**Required work:** For the listing below, output exactly the lines from the line with "Schulportal Robert-Schumann-Schule Logo" up to and including the line with "Diffuser 30657, 1", and no other lines.

**Raw data:**
##########
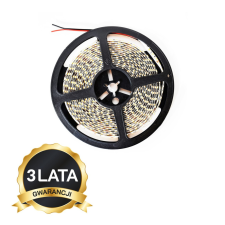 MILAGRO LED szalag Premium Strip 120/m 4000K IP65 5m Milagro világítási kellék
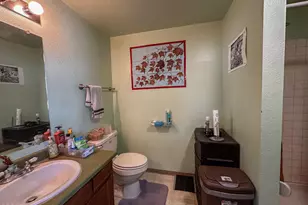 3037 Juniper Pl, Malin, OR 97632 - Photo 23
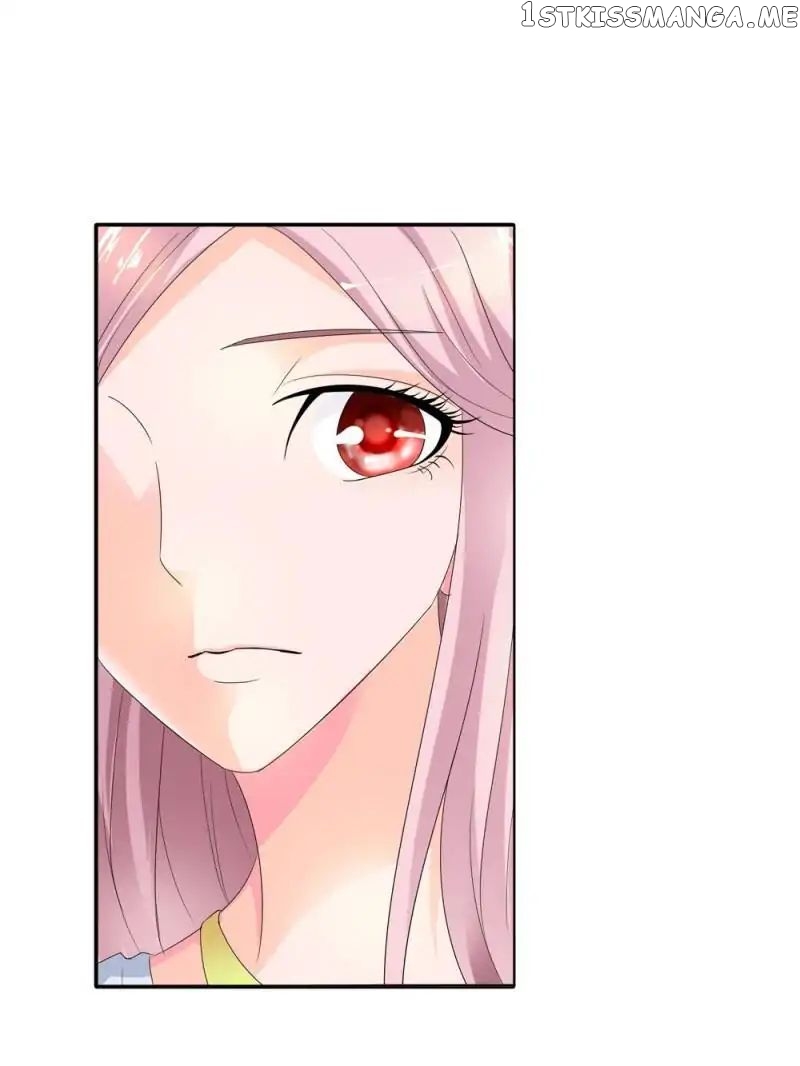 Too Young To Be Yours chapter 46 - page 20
##########
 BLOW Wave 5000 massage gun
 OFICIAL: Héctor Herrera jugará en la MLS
##########
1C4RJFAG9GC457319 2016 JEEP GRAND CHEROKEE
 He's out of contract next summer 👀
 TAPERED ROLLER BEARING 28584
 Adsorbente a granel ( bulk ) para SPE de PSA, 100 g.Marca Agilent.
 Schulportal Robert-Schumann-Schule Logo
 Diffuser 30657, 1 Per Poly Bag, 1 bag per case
##########
**Result for this task:**
 Schulportal Robert-Schumann-Schule Logo
 Diffuser 30657, 1 Per Poly Bag, 1 bag per case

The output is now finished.